__Problem description__: The data must be reproduced verbatim; images are to be omitted.

__Information supplied__:
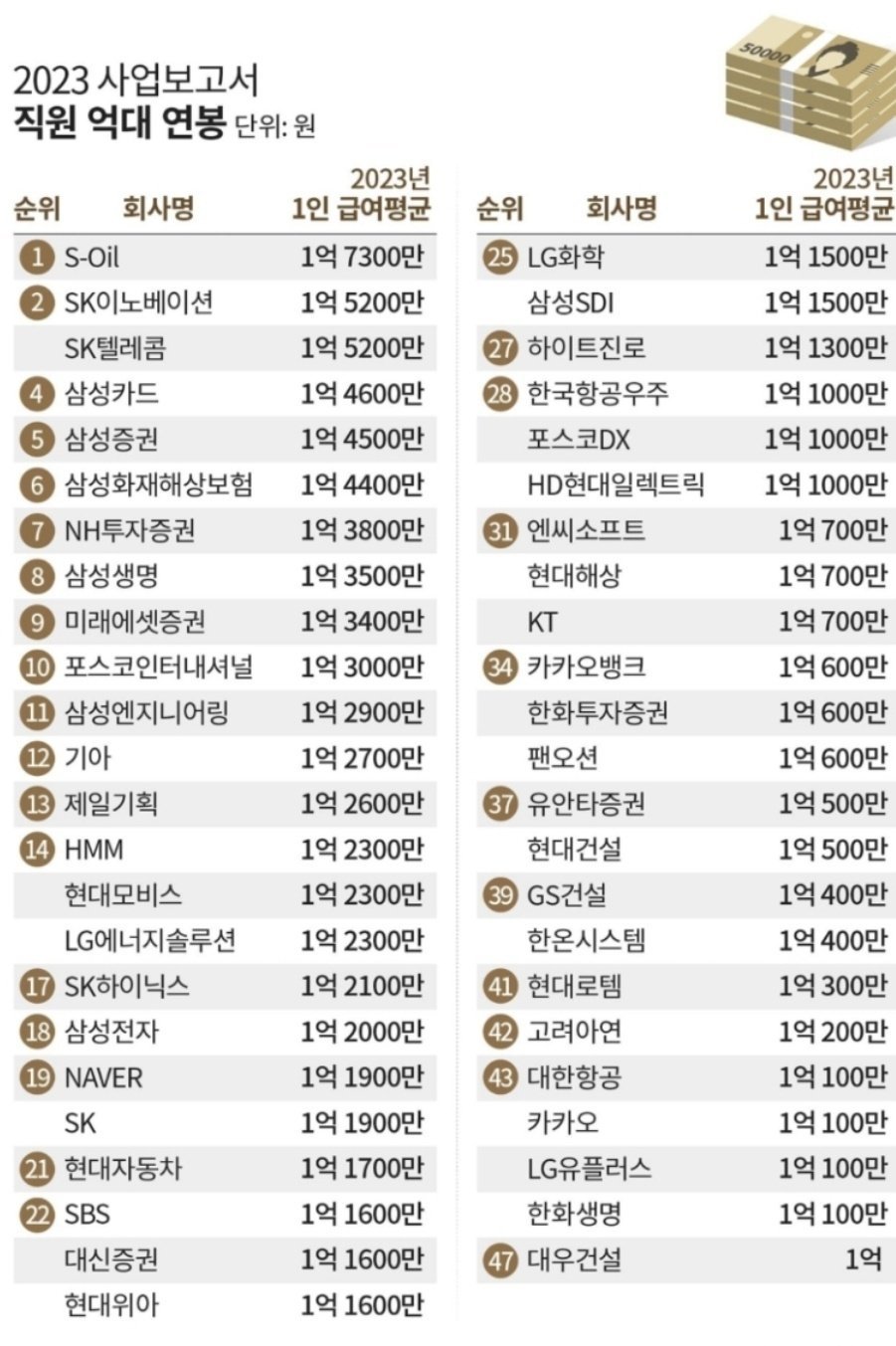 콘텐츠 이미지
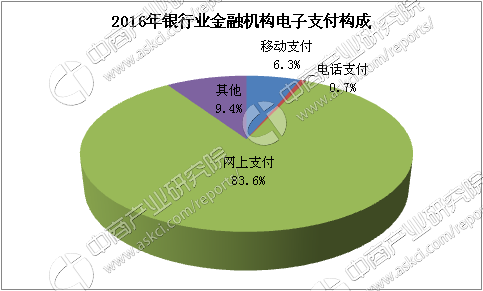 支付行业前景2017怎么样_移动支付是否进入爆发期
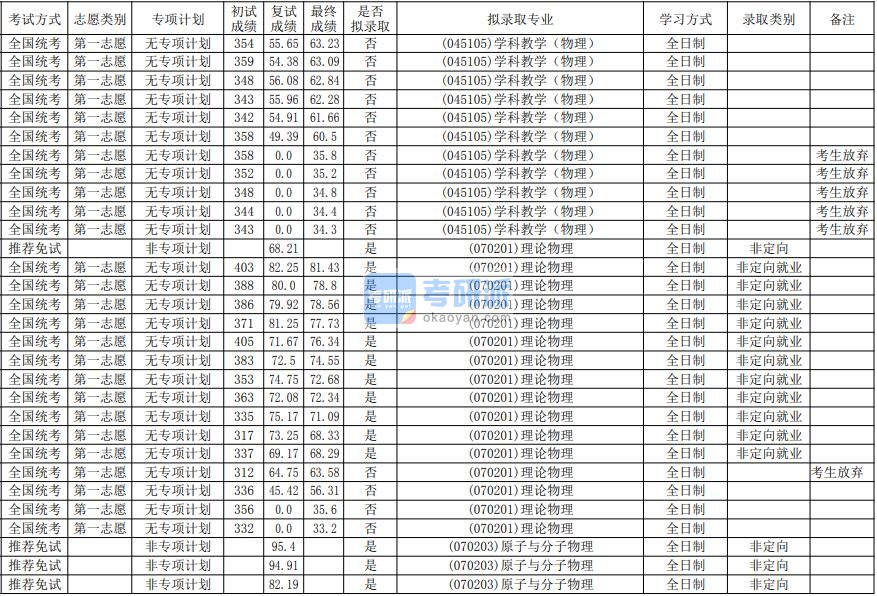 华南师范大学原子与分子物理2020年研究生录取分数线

__Problem solution__:
 콘텐츠 이미지
 支付行业前景2017怎么样_移动支付是否进入爆发期
 华南师范大学原子与分子物理2020年研究生录取分数线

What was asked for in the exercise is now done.